Tale tipologia di azienda ha rappresentato e rappresenta tuttora una grande risorsa per il sistema Italia: è grazie a questo tessuto produttivo che si è riuscito a creare e ad imporre sui mercati internazionali il brand Made in Italy fino a divenire sinonimo di qualità e prestigio.

C’è anche, tuttavia, un rovescio della medaglia: il passaggio generazionale. Una criticità di importanza strategica sulla quale molto spesso inciampano le nostre imprese, andando così incontro, nella migliore delle ipotesi, a processi di progressiva decrescita e mancata innovazione.

A rinforzare tale convinzione c’è la spietatezza e la glacialità dei numeri: due aziende su tre scompaiono entro cinque anni dal passaggio dalla prima alla seconda generazione e solo un’impresa su cinque arriva alla terza generazione; la parte restante è capace solo di passare il testimone, in qualche modo, da padre a figlio, ma non da nonno a nipote. Il 10% dei fallimenti annui delle aziende è derivante dalla mancata pianificazione e gestione del passaggio generazionale.Questo vuol dire che quando il “Fondatore” decide di cedere il timone d’impresa ai discendenti, il rischio di sopravvivenza dell’azienda è molto elevato.

Ecco il punto. Vale la pena, infatti, spendere alcune parole su questa figura e far partire l’analisi proprio da qui.
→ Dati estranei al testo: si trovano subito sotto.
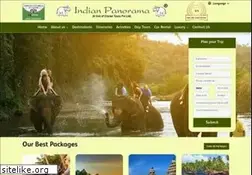 Sites similar to indianpanorama.org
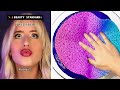 1 HOUR Slime Storytime Jezelle Catherine Text To Speech Funny POV New TikTok 2024 Part 9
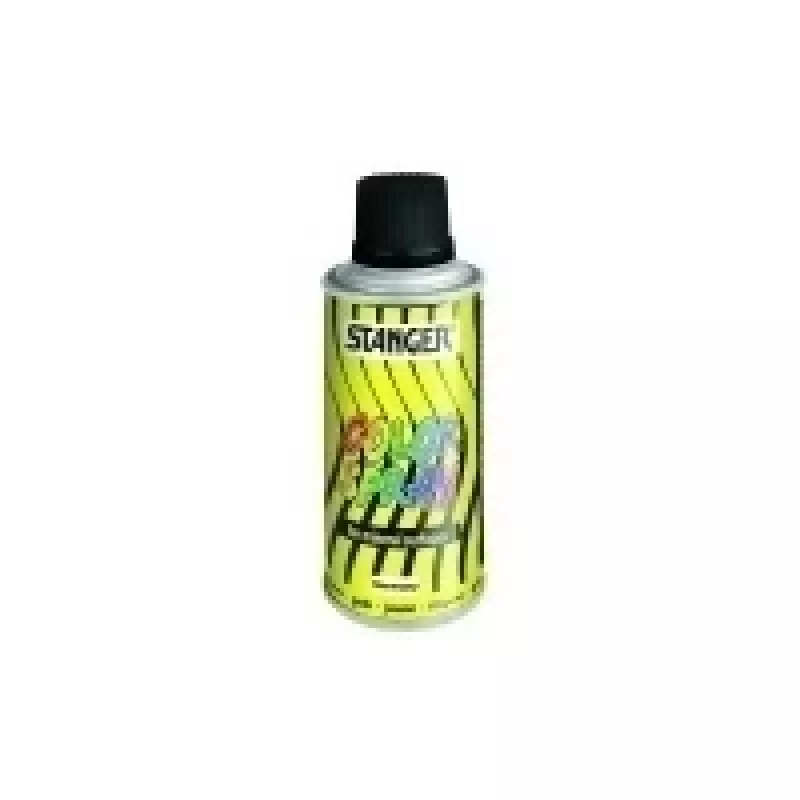 Σπρέι βαφής Stanger Color Spray MS 150 ml, κίτρινο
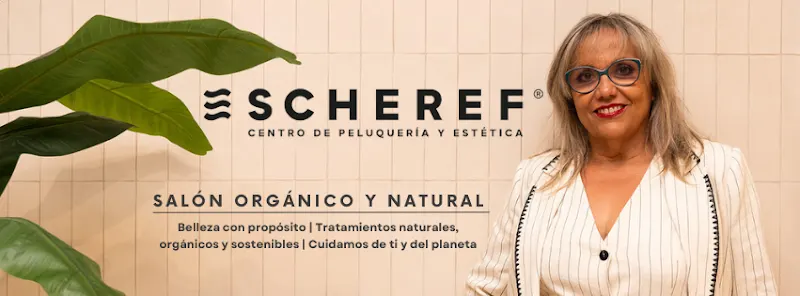 Scheref | Centro de Peluquería y Estética - Peluquería en San Juan de Alicante - foto 4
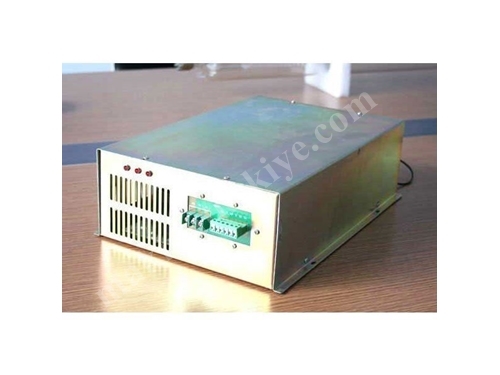 *150 W Co2 Lazer Güç Kaynağı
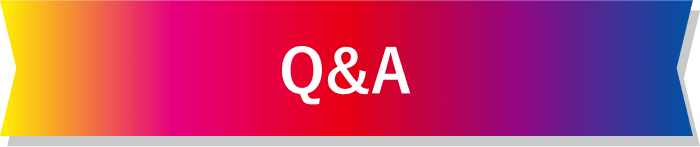 Q&A
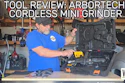 Arbortech Angelo Yt2 Cover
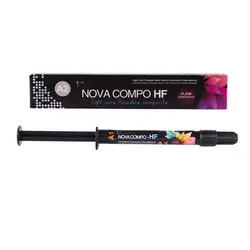 کامپوزیت فلو نوا پرو | Flow Composite Nova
La fotografia del “Fondatore”, che io amo chiamare “pioniere”, ci evidenzia una persona che ha la volontà di lanciarsi verso l’ignoto, di assumersi i rischi, di innovare, sperimentare, alla ricerca costante di nuove modalità di business. Il pioniere non apre un’azienda ma costruisce la sua opera d’arte a propria immagine e somiglianza, ed è talmente legato alla sua creatura che finisce col dedicare un numero esagerato di ore al lavoro. Non ha bisogno di formazione perché ama i suoi clienti e il suo personale ed è abilissimo nel fidelizzarli. Le sue caratteristiche di unicità rappresentano linfa vitale per il sistema economico nella sua complessità. Ma è tutto rose e fiori? Non di certo e sicuramente non sempre.
Il vero limite del pioniere è la scarsa cultura manageriale che gli impedisce di trasformare la sua opera d’arte in azienda organizzata e gestibile anche dai figli e da personaggi di spessore esterni. L’organizzazione è spesso improvvisata, fuori dagli schemi di management. E’ raro parlare di cultura e strumenti manageriali, pressoché sconosciuti al Pioniere, a meno che non abbia sviluppato altrove una formazione manageriale. Deficit si riscontrano spesso anche dal punto di vista organizzativo e della pianificazione strategica: assenza di una funzione marketing e commerciale in grado di trasformare in pratica le strategie adottate, mancanza di una strategia di sviluppo e valorizzazione delle risorse umane, carenze nel controllo di gestione.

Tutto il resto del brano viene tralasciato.